The stream crosses into Bledsoe County near the head of the Sequatchie Valley. The Sequatchie Valley is traversed throughout much its length by U.S. Route 127. The first sizeable town on the Sequatchie is Pikeville, the county seat of Bledsoe. State Route 30, which descends Walden's Ridge into the Valley and then climbs the escarpment back onto the plateau, crosses here.

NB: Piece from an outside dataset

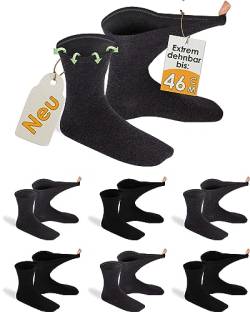 gigando 6 Paar extra weite Diabetiker-Socken, stark dehnbar ohne Gummi-Bund für keinen Abdruck am Bein, schwarz, anthrazit/dunkel-grau, 51-52 von gigando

Crossing into Sequatchie County, the stream flows into Dunlap. Just north of Dunlap, US 127 turns southeastward, beginning the ascent onto Walden Ridge and eventually down into Chattanooga. A set of railroad tracks previously ran along the river from this point, testament to heavy underground coal extraction in years past. For almost the rest of its length the Sequatchie is paralleled by State Route 28. State Route 283 also runs along the base of the Walden's Ridge escarpment for several miles. The river then enters Marion County. The town of Whitwell is just a few miles into Marion County. Below Whitwell at the small community of Sequatchie (also known as Sequachee), the river receives the flow of the Little Sequatchie River, which descends from atop the Cumberland Plateau to the west. At Jasper, which is slightly west of the river, is a railroad junction. East of town is the crossing of U.S. Highway 41 by SR 28, and the bridge over the river. Shortly south of the Interstate 24 bridge is the mouth of the Sequatchie into the Guntersville Lake impoundment of the Tennessee River.